It has been proved theoretically that a perfect commitment scheme in both Binding and Hiding is impossible to exist. But in terms of zero-knowledge proofs for privacy protection, we usually use the first type of commitment, which is Perfect Hiding, but the commitment is Computational Binding. Because we want to put the promise on the chain, it means that it will still be visible to everyone after 100 years, but there is no need to worry that this information will really be cracked by others after 100 years. In addition, this type of commitment can produce a very concise zero-knowledge proof, which is the Argument I mentioned earlier.
zkSNARK principle
Why it is possible to promise a database with 100 bytes and at the same time prove that the data meets certain properties sounds incredible.
First of all, let's review what is "zero-knowledge proof"? It is Bob on the right who said to do a calculation, and send the calculation to a remote machine that he doesn’t believe. This machine may have been controlled by a hacker or this person may make trouble, but it doesn’t matter, give it the function, enter X, and after a while Give me a Y. Although I don't believe that machine, but because I saw Y, although I have doubts about Y, but because I checked the additional zero-knowledge proof, the zero-knowledge proof told me that Y is true, so I believed it. How did this work?
Let’s go back to the simplest idea first. If there is a machine to run my program, I won’t worry if I can’t see it. The easiest way is to take a camera to record the entire calculation process from beginning to end. After getting the video It can be checked frame by frame to see if every step of the calculation is correct. This one is silly, but in theory it might work.
But obviously the solution is very impractical, because when the machine is running, the memory state of the machine is very large, such as 4G memory, and the video file will be so large that it cannot be verified after recording the whole process.
Is there any way to improve it? We use the computing model of computing circuits, rather than the model of CPU plus memory. The expression ability of the arithmetic circuit calculation model and the computer CPU running program is roughly equivalent, and basically common calculations can be expressed.
Arithmetic circuits consist of interconnected "gates" such as "multiplication gates" and "addition gates". The input is input from the left side of the circuit, and the operation result is generated on the output line on the right after the operation. The whole process is to calculate "+" and "×". Don't underestimate these two operations, they can express most operations.
The advantage of the arithmetic circuit is that its calculation process can be photographed. At this time, as long as the camera presses the shutter to take a picture and take a panoramic view of the circuit, it is equivalent to recording all the calculation processes. In this way, the verification calculation is no longer a verification video. The video is viewed frame by frame, but the photo is just a photo, as long as every detail of the photo is verified.

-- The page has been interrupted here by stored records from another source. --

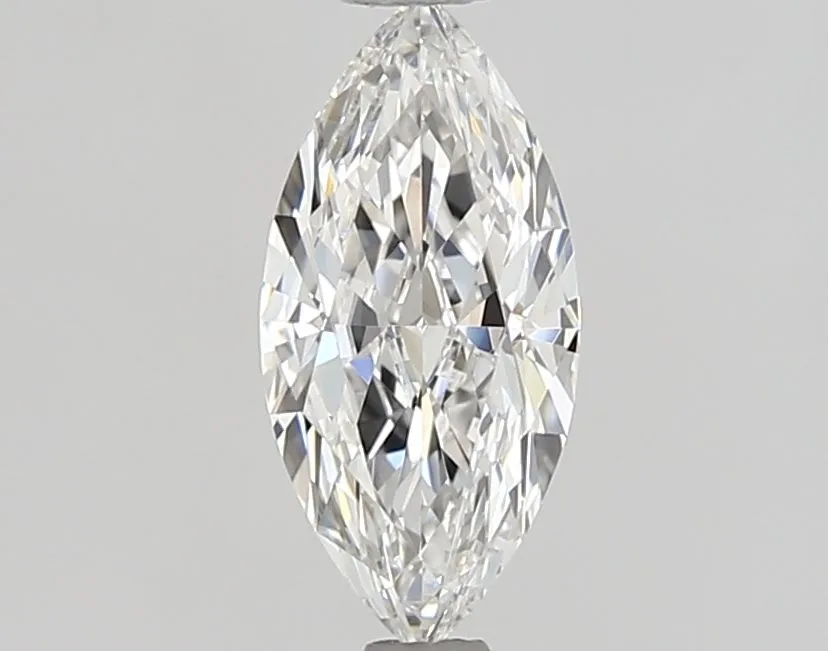 0.50ct MARQUISE E IF Natural diamond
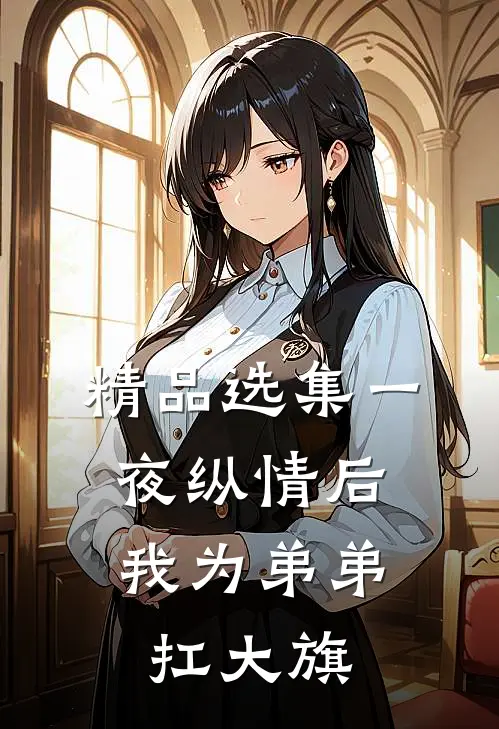 精品选集一夜纵情后，我为弟弟扛大旗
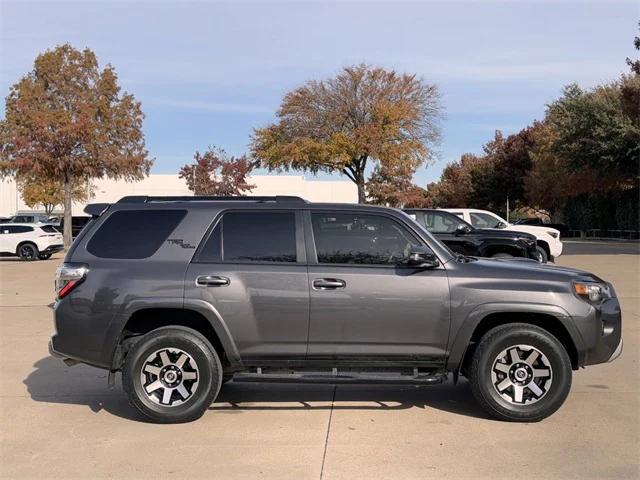 used 2021 Toyota 4Runner car, priced at $42,899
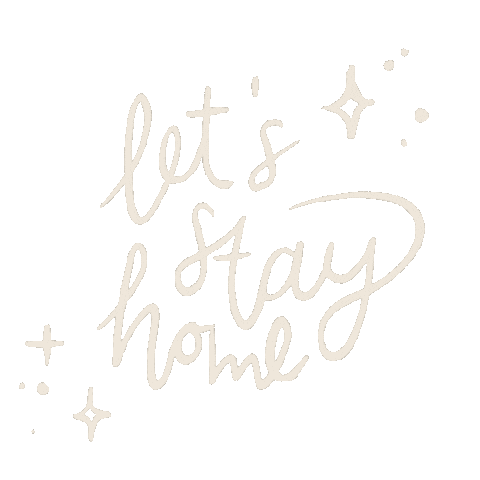 Home Stars Sticker
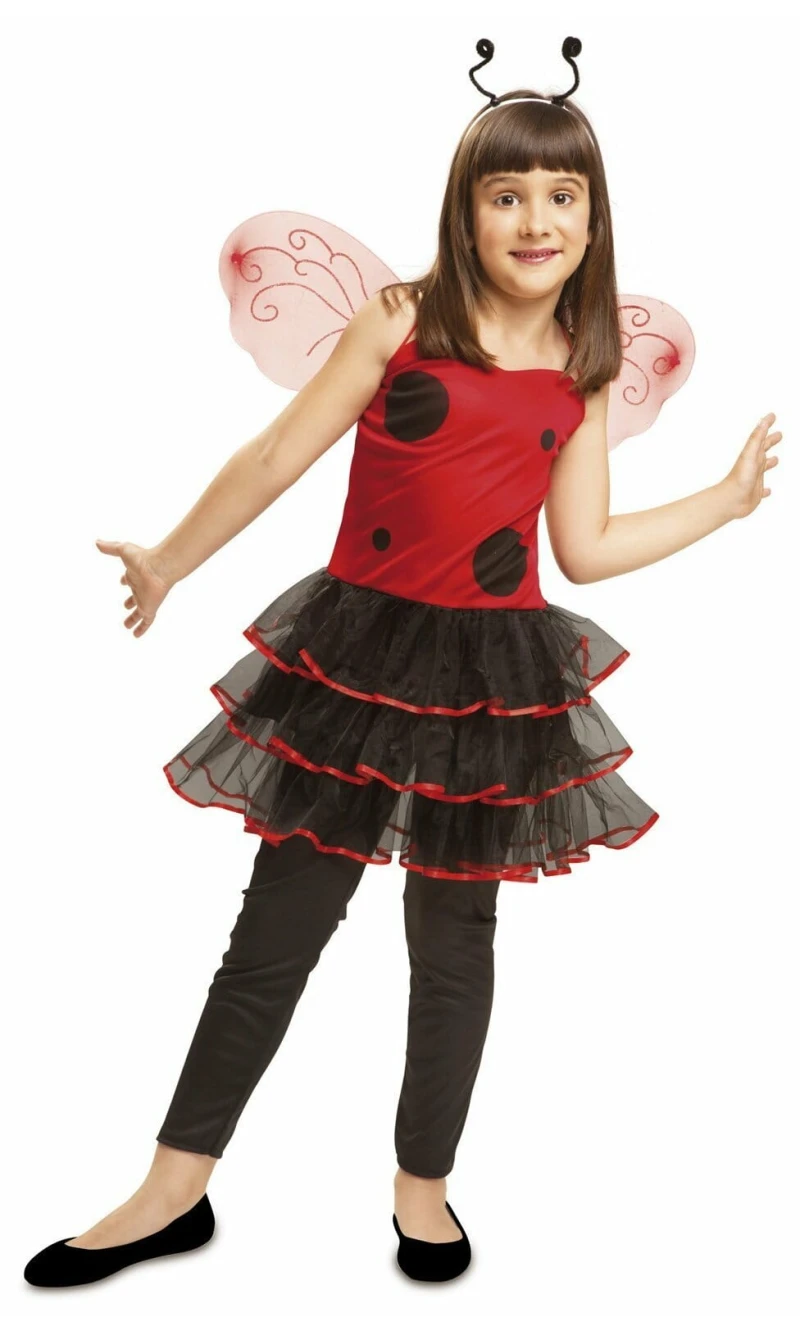 Smart Ladybug - Age 12 to 24 Months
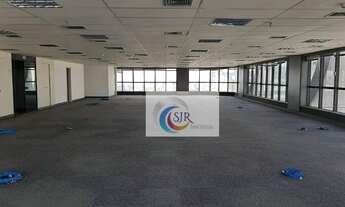 Imagem: Conjunto para alugar, 395 m² - Bela Vista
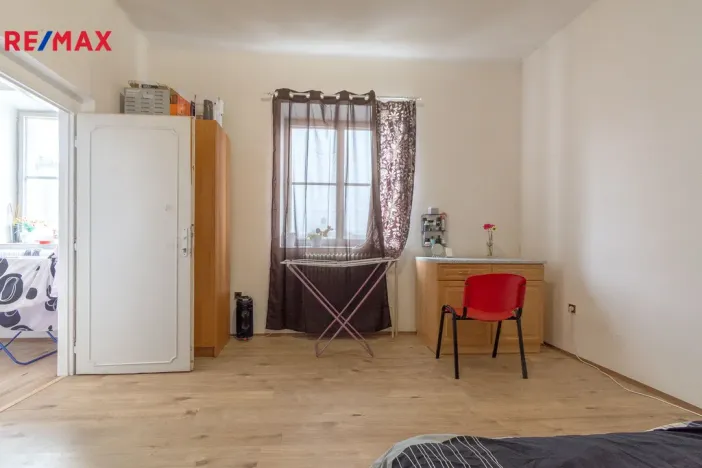 Prodej rodinného domu, Dašice, náměstí T. G. Masaryka, 450 m2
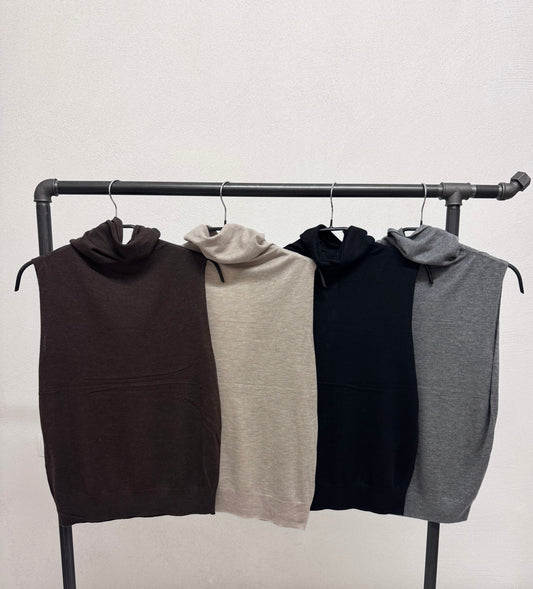 Ärmelloser Rolli RoxyRL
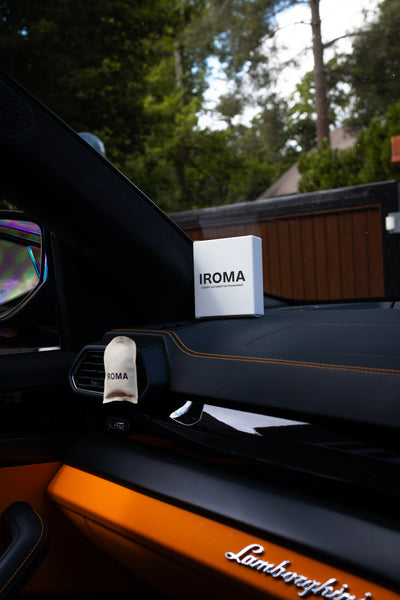 IROMA Fragrance 2 Pack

How to verify the circuit calculation? To verify the operation of each gate, for each addition gate, verify that the addition of the left and right inputs does not equal the output. For a multiply gate, verify that the multiplication of the left and right inputs does not equal the output. As long as you patiently check each door one by one, you will be fine.
If there are tens of billions of gates, verification may take more than a year. Is there a way to simplify the verification process of so many gates? This can be done with the mathematical tool "polynomial encoding".
For example, there are some numbers: y0, y1, y2, we put them on an XY axis plane, turn them into points one by one, and then find a curve that passes through those points, which is equivalent to encoding all the values with one curve Value, from y0 to yn.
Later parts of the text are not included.